JAY – Voters agreed to raise $40,000 through taxation for an adult education program run by SAD 36 in Livermore Falls. The original warrant article sought nothing, but voters rejected that article by a vote of 8-28.
They declined to raise money for adult education last year.
Concerns were raised Tuesday about the number of people losing their jobs and the need to support education for those people.
SAD 36 Adult Education Director Carrie Castonguay of Jay said she had been serving Jay residents through the college preparation, GED and high school completion and basic skills programs because she received federal funds for those programs.
SAD 36 voters in Livermore Falls and Jay contribute $79,500 for the program, she said. Enrollment is up 159 percent over last year, Castonguay said.
“Thirty percent of them are Jay residents,” she said.
There have already been 5,607 contact hours this year compared to 1,702 last year, she said. “Half my graduates are from Jay,” she said, referring to GED and high school.
Asked what it would take for Jay to contribute, Castonguay told voters half of the $79,500 would do it. Resident Jean Richard made the motion to raise $40,000.
That money, along with the $9.75 million budget for 2009-10 that voters approved Tuesday, will next head to a referendum validation, yes-or-no vote on Monday, April 27.
Most of the articles related to the budget passed overwhelmingly, except for Article 7, which asked for $293,438 for system administration. It passed 30-24.
That budget line was up $27,257 and contained money for a year-round payroll clerk for the business office. Residents questioned the need for the clerk.
School Committee Chairwoman Mary Redmond-Luce said that position would be filled by a person serving as a secretary currently at a school. The district is cutting one secretary position and instead of laying off a secretary, one will fill the new position, she said.
The additional cost to have the clerk work 37 hours a week year-round, compared to a secretary that isn’t a full-year position is about $5,400, Redmond-Luce said. The money was deducted equally from two principals’ office budgets, she said.

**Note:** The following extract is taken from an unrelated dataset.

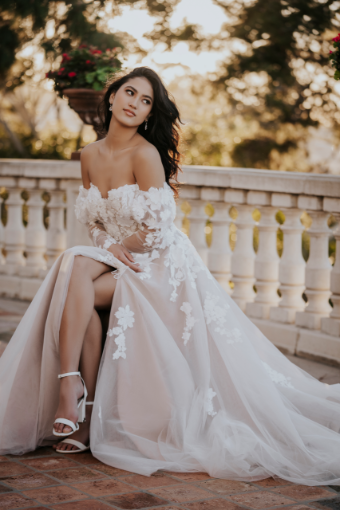 Allure Bridals R3650 #4 default Nude/Champagne/Ivory thumbnail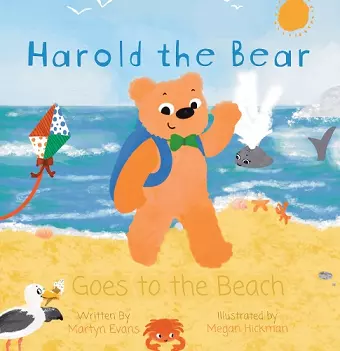 Harold the Bear: Goes to the Beach cover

Redmond-Luce read a letter from the auditor that supported the addition of the position to take care of payroll and payables using a different computer software program than the Town Office staff uses. Currently, school payroll and payables are done at the Town Office.
Residents also voted to transfer $216,000 from the town’s undesignated revenue account to the schools’ general fund. Selectmen voted previously to put the article before voters to offset a state penalty for the town voting not to consolidate with neighboring SAD 36.